**Required work**:
For every record below, repeat the text exactly and pass over any image.
Start of Stored data
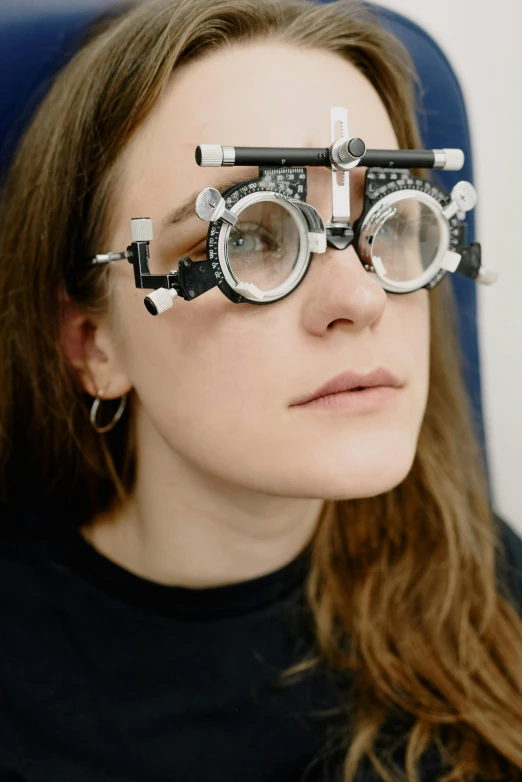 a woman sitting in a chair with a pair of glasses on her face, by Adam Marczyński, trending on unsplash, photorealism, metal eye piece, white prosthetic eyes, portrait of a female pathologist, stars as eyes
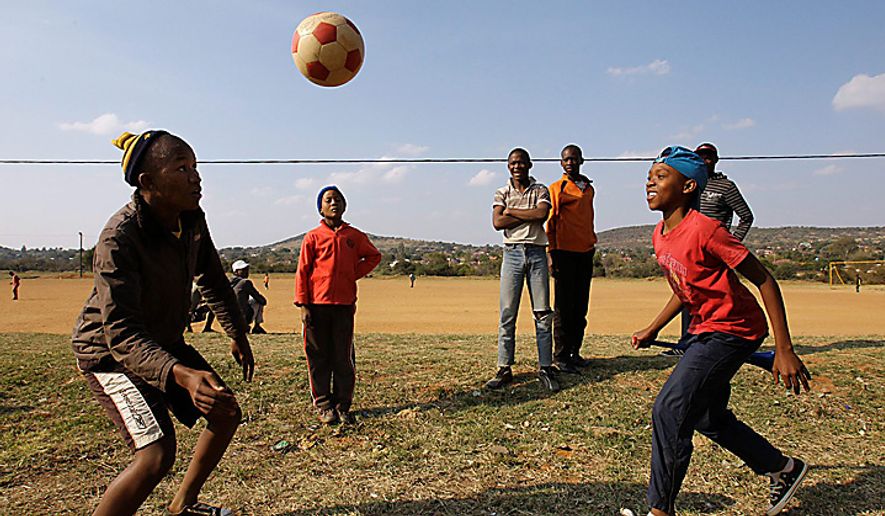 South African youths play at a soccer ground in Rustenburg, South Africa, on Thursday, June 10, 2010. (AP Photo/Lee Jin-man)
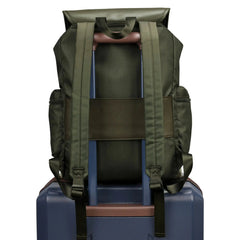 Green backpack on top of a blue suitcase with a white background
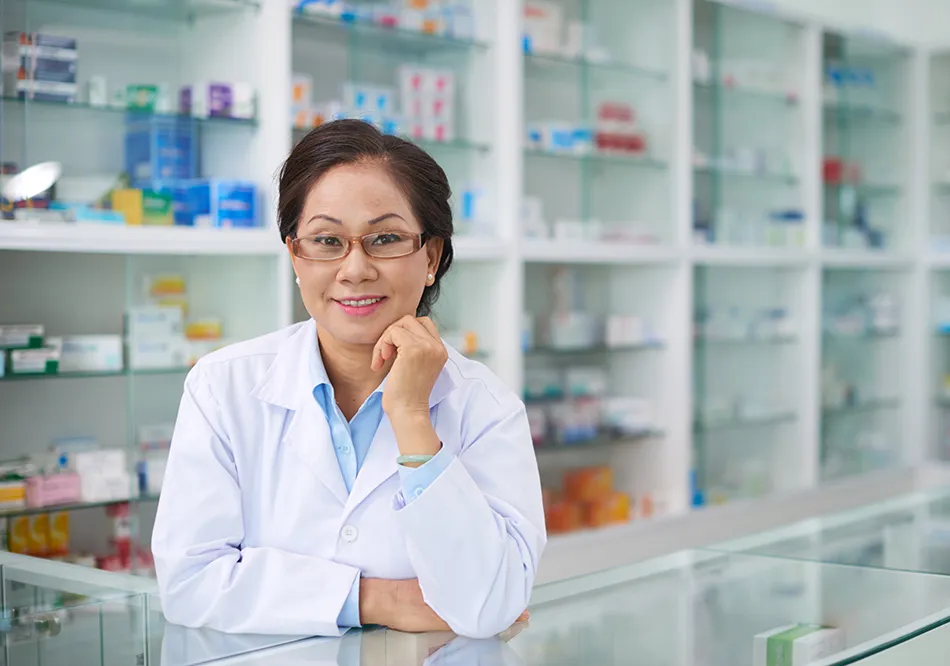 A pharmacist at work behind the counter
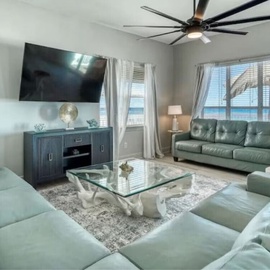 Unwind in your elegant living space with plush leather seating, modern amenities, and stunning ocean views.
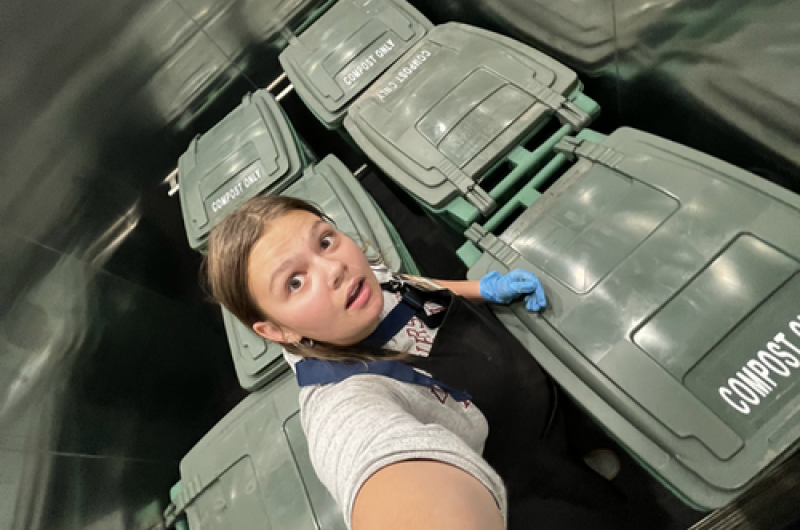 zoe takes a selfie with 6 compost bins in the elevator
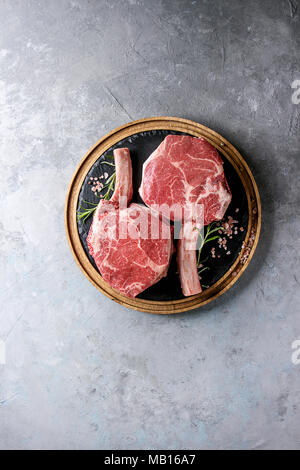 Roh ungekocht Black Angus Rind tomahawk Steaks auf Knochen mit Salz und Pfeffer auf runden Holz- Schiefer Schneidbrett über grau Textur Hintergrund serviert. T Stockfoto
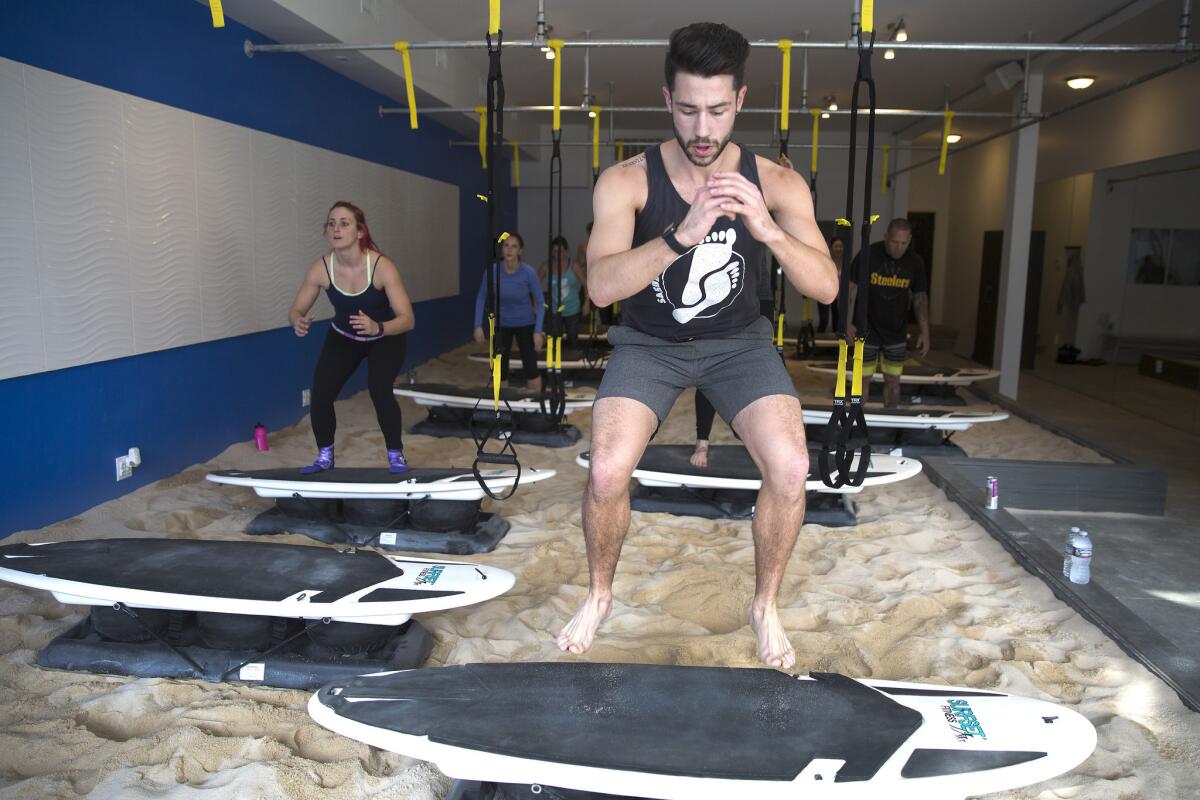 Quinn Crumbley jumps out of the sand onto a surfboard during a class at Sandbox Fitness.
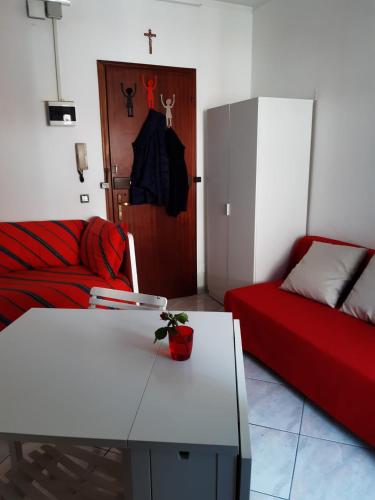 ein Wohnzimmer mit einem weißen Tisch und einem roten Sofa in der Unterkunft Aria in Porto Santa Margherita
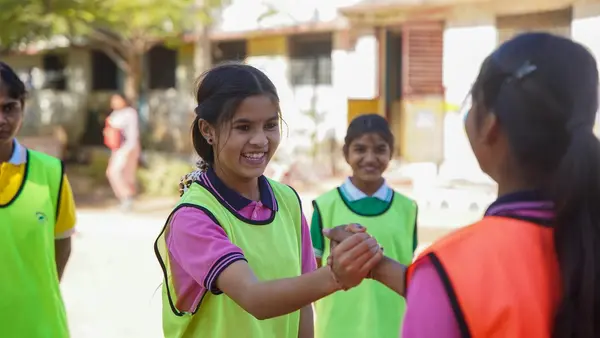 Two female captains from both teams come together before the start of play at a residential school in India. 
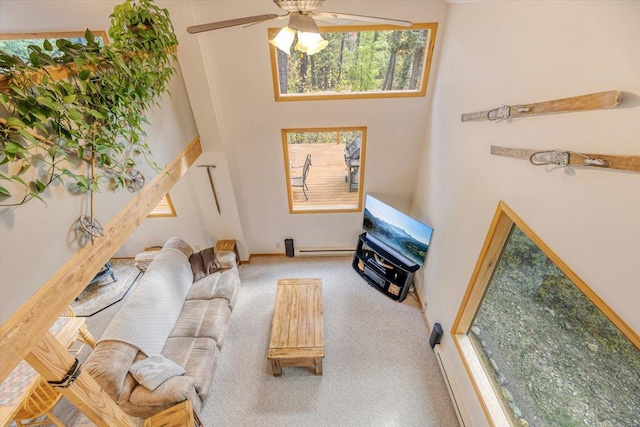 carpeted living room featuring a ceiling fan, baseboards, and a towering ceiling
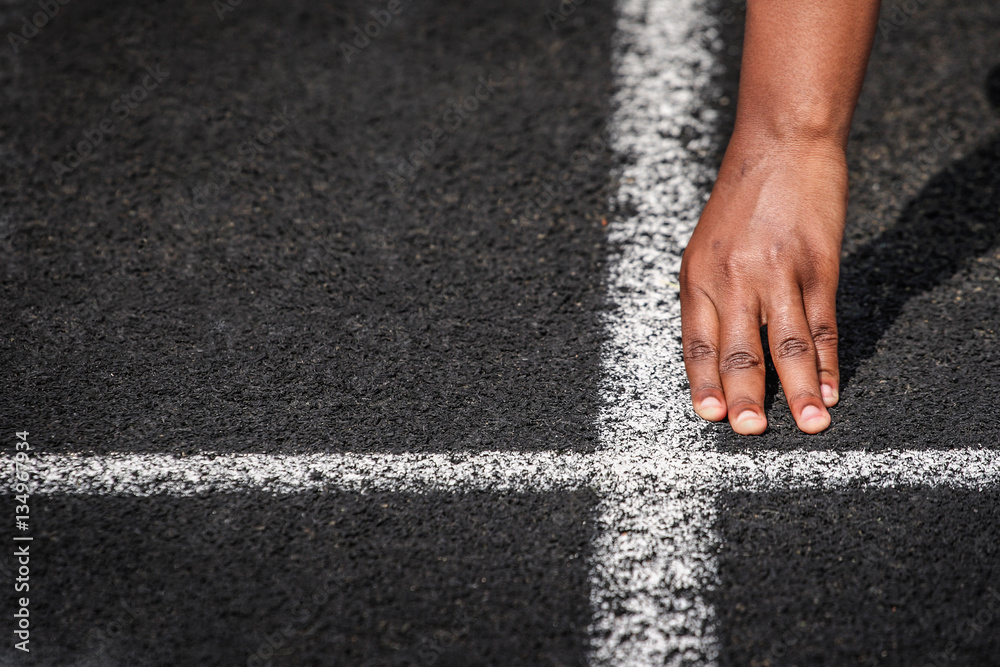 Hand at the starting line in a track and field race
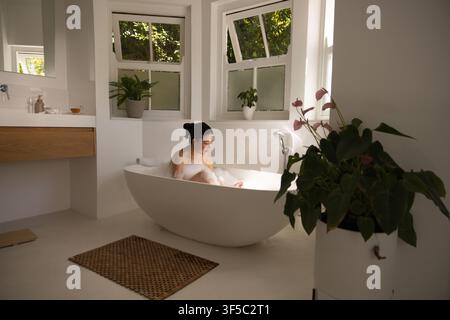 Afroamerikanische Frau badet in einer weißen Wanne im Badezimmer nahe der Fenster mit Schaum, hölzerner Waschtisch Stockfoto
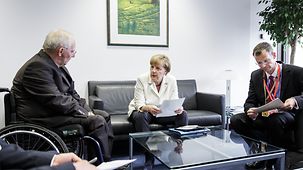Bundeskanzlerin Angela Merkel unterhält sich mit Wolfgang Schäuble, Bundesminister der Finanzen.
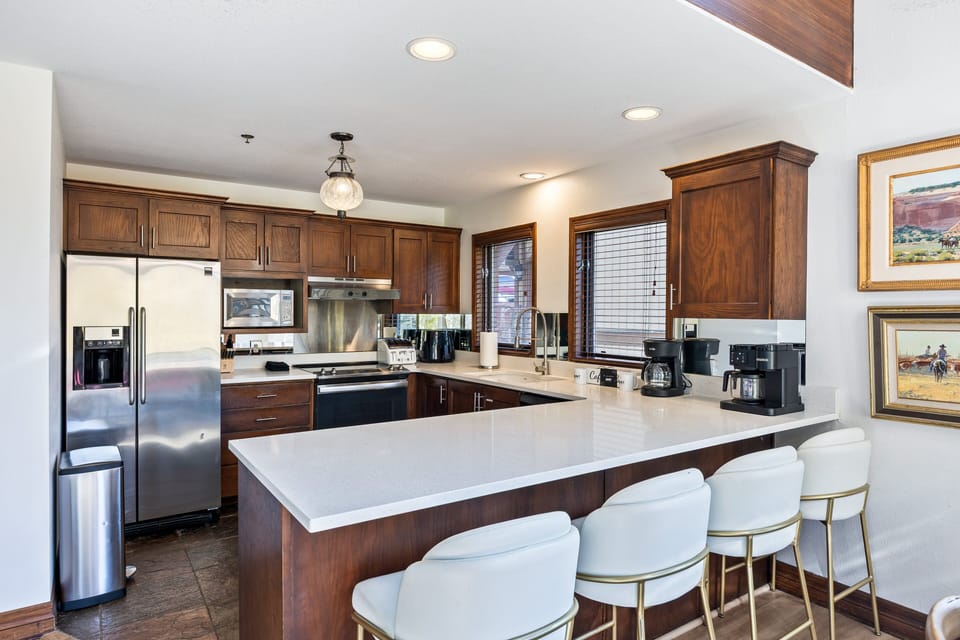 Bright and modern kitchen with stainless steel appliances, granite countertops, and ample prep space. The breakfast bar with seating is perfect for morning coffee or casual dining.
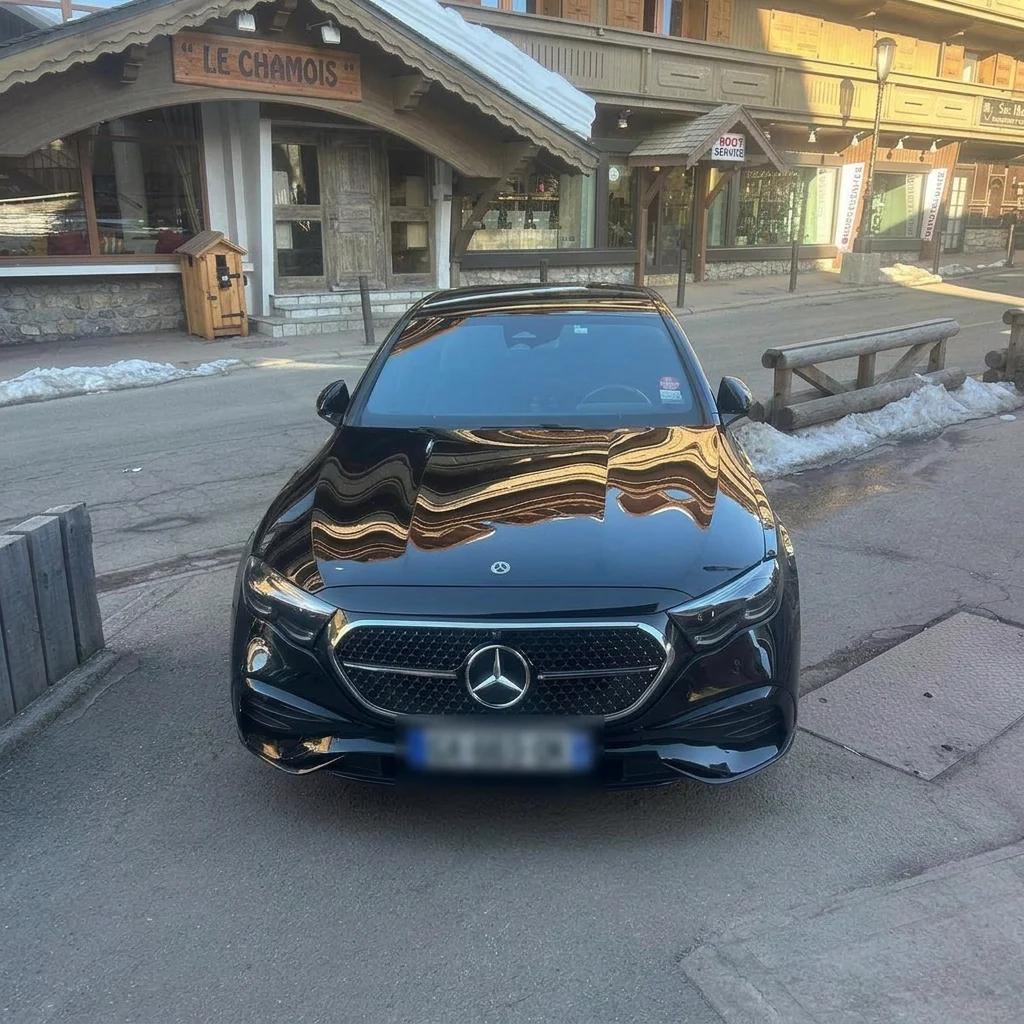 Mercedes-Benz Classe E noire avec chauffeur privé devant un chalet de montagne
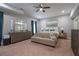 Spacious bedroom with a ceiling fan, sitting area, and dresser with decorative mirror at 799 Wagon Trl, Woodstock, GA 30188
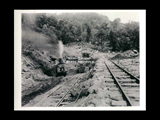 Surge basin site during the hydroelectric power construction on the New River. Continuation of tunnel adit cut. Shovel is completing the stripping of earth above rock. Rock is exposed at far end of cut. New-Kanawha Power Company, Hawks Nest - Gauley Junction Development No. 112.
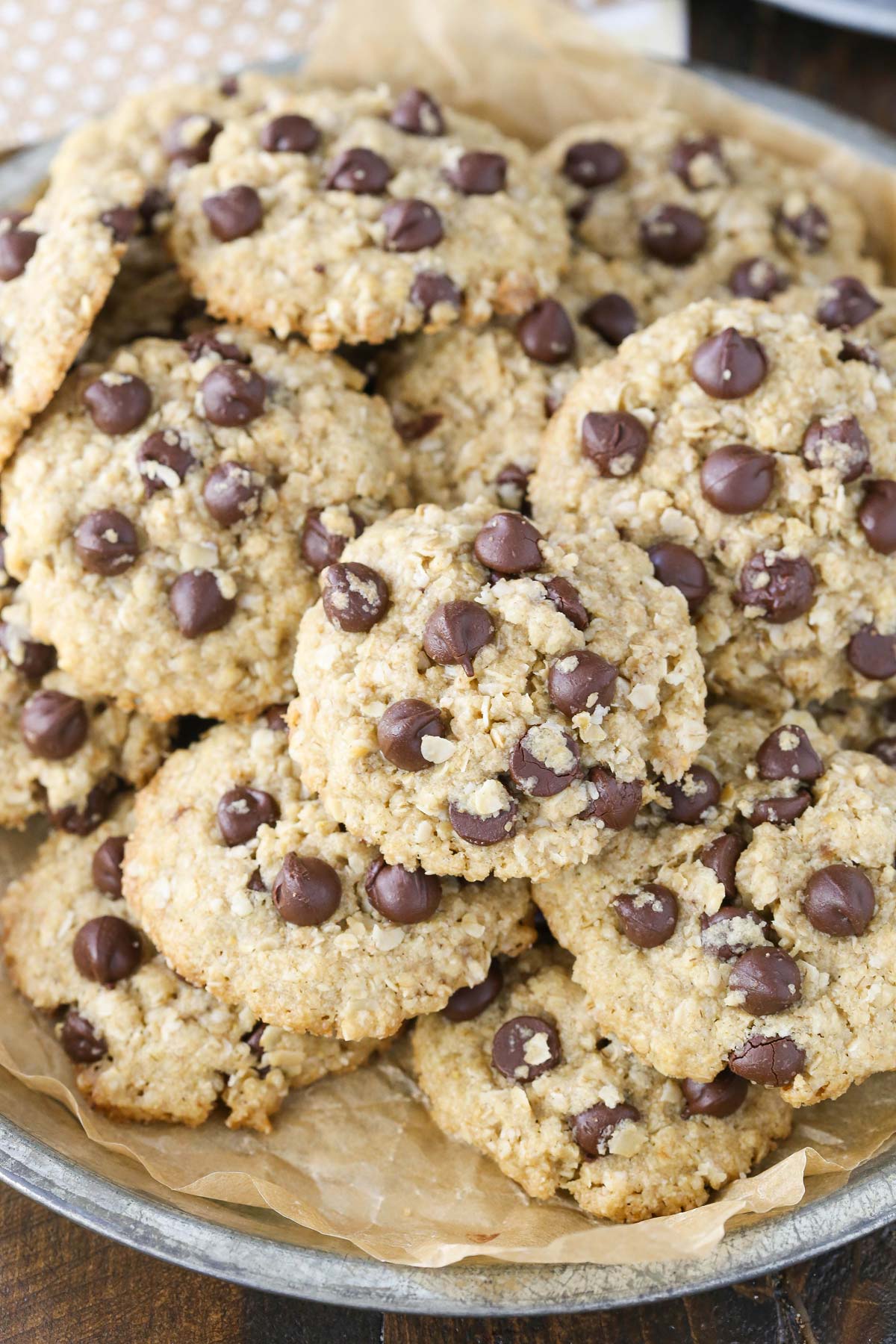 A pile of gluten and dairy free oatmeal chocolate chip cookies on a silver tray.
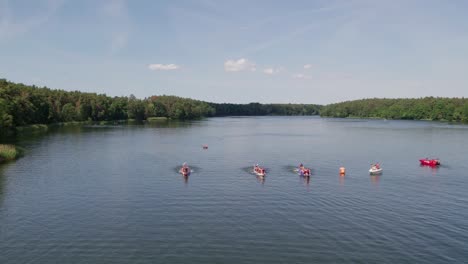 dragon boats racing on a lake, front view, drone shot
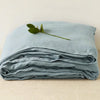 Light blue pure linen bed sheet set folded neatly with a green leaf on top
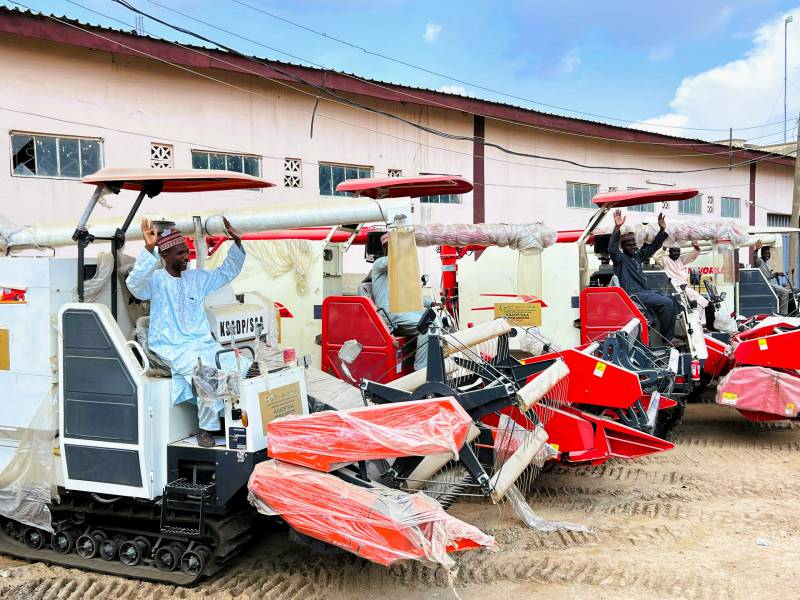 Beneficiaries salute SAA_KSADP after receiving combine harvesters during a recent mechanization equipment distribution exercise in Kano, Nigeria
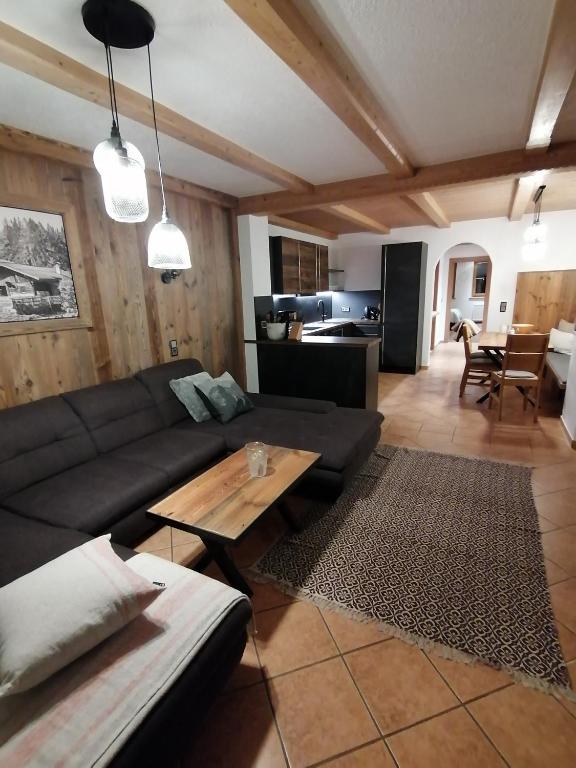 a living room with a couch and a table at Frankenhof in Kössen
End of Stored data
**Solution**:
 a woman sitting in a chair with a pair of glasses on her face, by Adam Marczyński, trending on unsplash, photorealism, metal eye piece, white prosthetic eyes, portrait of a female pathologist, stars as eyes
 South African youths play at a soccer ground in Rustenburg, South Africa, on Thursday, June 10, 2010. (AP Photo/Lee Jin-man)
 Green backpack on top of a blue suitcase with a white background
 A pharmacist at work behind the counter
 Unwind in your elegant living space with plush leather seating, modern amenities, and stunning ocean views.
 zoe takes a selfie with 6 compost bins in the elevator
 Roh ungekocht Black Angus Rind tomahawk Steaks auf Knochen mit Salz und Pfeffer auf runden Holz- Schiefer Schneidbrett über grau Textur Hintergrund serviert. T Stockfoto
 Quinn Crumbley jumps out of the sand onto a surfboard during a class at Sandbox Fitness.
 ein Wohnzimmer mit einem weißen Tisch und einem roten Sofa in der Unterkunft Aria in Porto Santa Margherita
 Two female captains from both teams come together before the start of play at a residential school in India. 
 carpeted living room featuring a ceiling fan, baseboards, and a towering ceiling
 Hand at the starting line in a track and field race
 Afroamerikanische Frau badet in einer weißen Wanne im Badezimmer nahe der Fenster mit Schaum, hölzerner Waschtisch Stockfoto
Bundeskanzlerin Angela Merkel unterhält sich mit Wolfgang Schäuble, Bundesminister der Finanzen.
 Bright and modern kitchen with stainless steel appliances, granite countertops, and ample prep space. The breakfast bar with seating is perfect for morning coffee or casual dining.
 Mercedes-Benz Classe E noire avec chauffeur privé devant un chalet de montagne
 Spacious bedroom with a ceiling fan, sitting area, and dresser with decorative mirror at 799 Wagon Trl, Woodstock, GA 30188
 Surge basin site during the hydroelectric power construction on the New River. Continuation of tunnel adit cut. Shovel is completing the stripping of earth above rock. Rock is exposed at far end of cut. New-Kanawha Power Company, Hawks Nest - Gauley Junction Development No. 112.
 A pile of gluten and dairy free oatmeal chocolate chip cookies on a silver tray.
 dragon boats racing on a lake, front view, drone shot
 Light blue pure linen bed sheet set folded neatly with a green leaf on top
 Beneficiaries salute SAA_KSADP after receiving combine harvesters during a recent mechanization equipment distribution exercise in Kano, Nigeria
 a living room with a couch and a table at Frankenhof in Kössen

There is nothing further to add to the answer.